A Procuradoria da República no Distrito Federal abriu investigação por improbidade administrativa para apurar a contratação pelo gabinete de Bolsonaro na Câmara da ex-funcionária Walderice Santos da Conceição.
Conduzida sob sigilo desde setembro pelo procurador João Gabriel Queiroz, a investigação busca saber se a mulher, ex-secretária parlamentar de Bolsonaro, recebia salário da Câmara e trabalhava em uma loja de açaí na Vila Histórica de Mambucaba, em Angra dos Reis (RJ), onde Bolsonaro tem uma casa de veraneio. A informação foi publicada pela Folha, e é base das críticas que o presidente eleito tem feito contra o jornal.
Walderice era funcionária no gabinete de Bolsonaro desde 2003 e recebia R$ 1.416,33 antes de pedir demissão, após a publicação. Bolsonaro exonerou a secretária parlamentar, mas contestou a reportagem durante a campanha e após eleito. Ele nega que Walderice tenha sido funcionária fantasma e diz que ela trabalhava atendendo demandas da região.
Leia a nota da ANJ na íntegra
A Associação Nacional de Jornais (ANJ) rejeita com veemência os termos e o teor das declarações do presidente eleito Jair Bolsonaro ao reiterar ataques ao jornal Folha de S. Paulo, um dos diários fundadores desta entidade, criada há quase 40 anos na defesa da liberdade de expressão.
Eventuais inconformismos com noticiário de veículos de comunicação não podem ser confundidos com inaceitáveis retaliações a jornais por meio de uso de verbas publicitárias oficiais. Investimentos em publicidade por governos, como as demais verbas públicas, devem seguir expressamente critérios técnicos, e nunca políticos ou partidários.

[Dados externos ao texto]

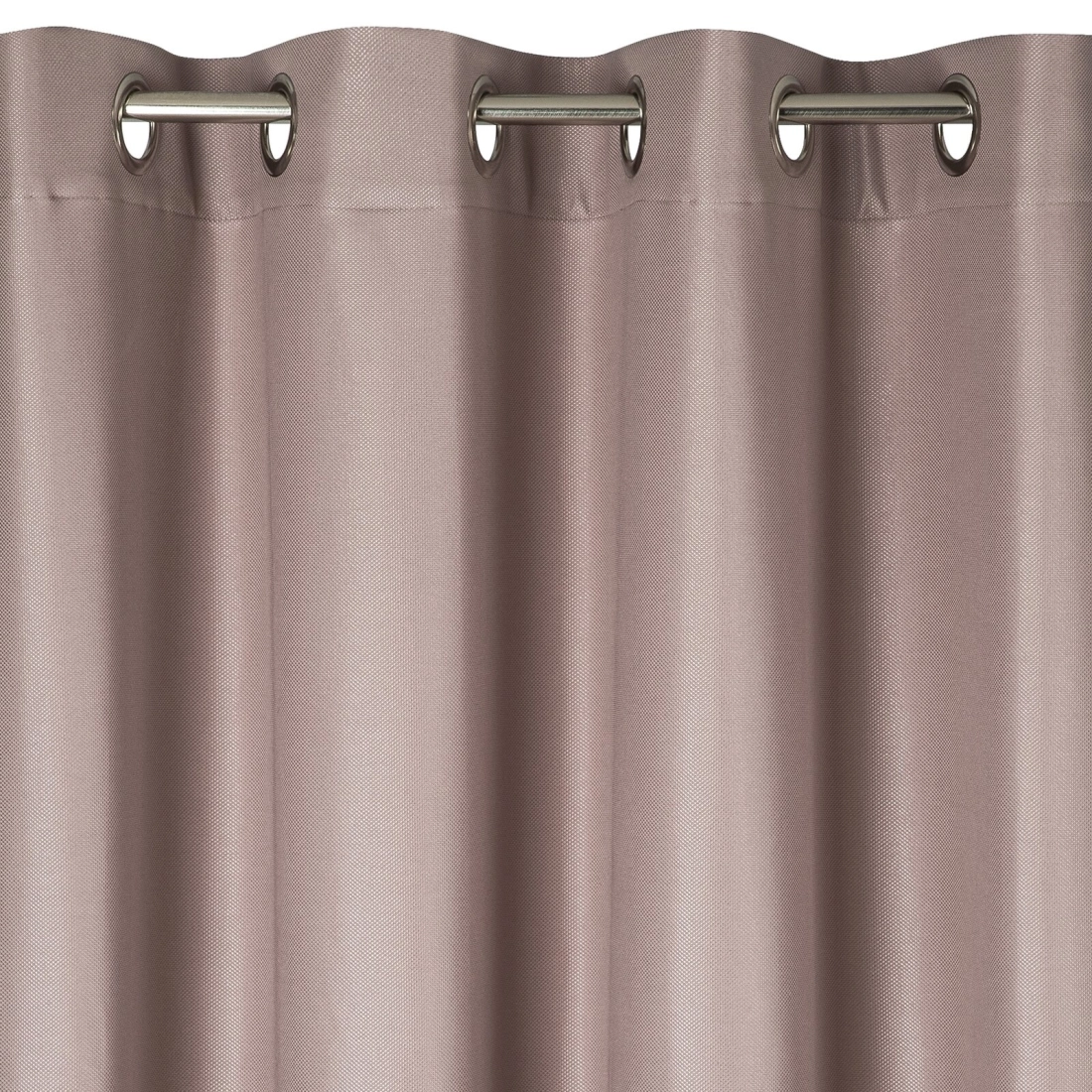 140x250 cm-es púderrózsaszín függöny fémkarikákkal ESSME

A ANJ espera que o princípio da liberdade de imprensa, saudavelmente afirmado pelo presidente eleito em seu discurso após a vitória nas urnas, se manifeste na prática, o que inclui o respeito a opiniões divergentes e à independência editorial, fundamentos da pluralidade de visões e da democracia.
Marcelo Rech
Presidente da AN
Hélio Schwartsman: Bolsonaro e a imprensa
Presidente eleito precisa resignar-se à ideia de que vivemos num Estado liberal
Jair Bolsonaro não gosta da Folha. É um direito dele. Mas, se opresidente eleito pretende cumprir sua promessa de obedecer à Constituição, precisa resignar-se à ideia de que vivemos num Estado liberal no qual vige a liberdade de imprensa.
Mais do que uma cereja decorativa no bolo da democracia, a liberdade de imprensa, ao lado das liberdades de expressão e de pensamento, são importantes porque ajudam a manter sob controle tanto o poder do Estado como o de maiorias circunstanciais.
O filósofo John Stuart Mill (1806-1873) já disse quase tudo o que é preciso dizer sobre o assunto. Não é só o soberano que pode cometer injustiças contra o indivíduo. As “opiniões e sentimentos prevalecentes”, que Mill chama de “tirania da maioria”, podem ser igualmente opressivas, se não mais.
Assegurar que ideias diferentes daquelas defendidas pelos poderosos e pelos numerosos possam circular é um passo necessário para que as teses oficiais e majoritárias sejam contestadas e, se estiverem erradas, como frequentemente estão, sejam abandonadas. Mill, como bom iluminista, aposta que, no longo prazo, as melhores ideias triunfam sobre as piores.
A liberdade de imprensa especificamente (separada da liberdade de expressão e de pensamento) adquire especial importância no atual momento, em que fake news ganham ampla circulação nas redes sociais. Não é que o jornalismo profissional vá resolver esse problema, mas a imprensa facilita um pouco a vida do cidadão ao oferecer-lhe uma primeira filtragem, levando-lhe notícias que passaram por um processo de verificação, ainda que imperfeito.
O jornalismo não tem respostas definitivas para os grandes problemas do país, mas pode dar sua contribuição para o debate público, quando amplia o leque das ideias em circulação, zela pelos fatos e, de vez em quando, consegue revelar aquilo que poderosos gostariam de manter escondido.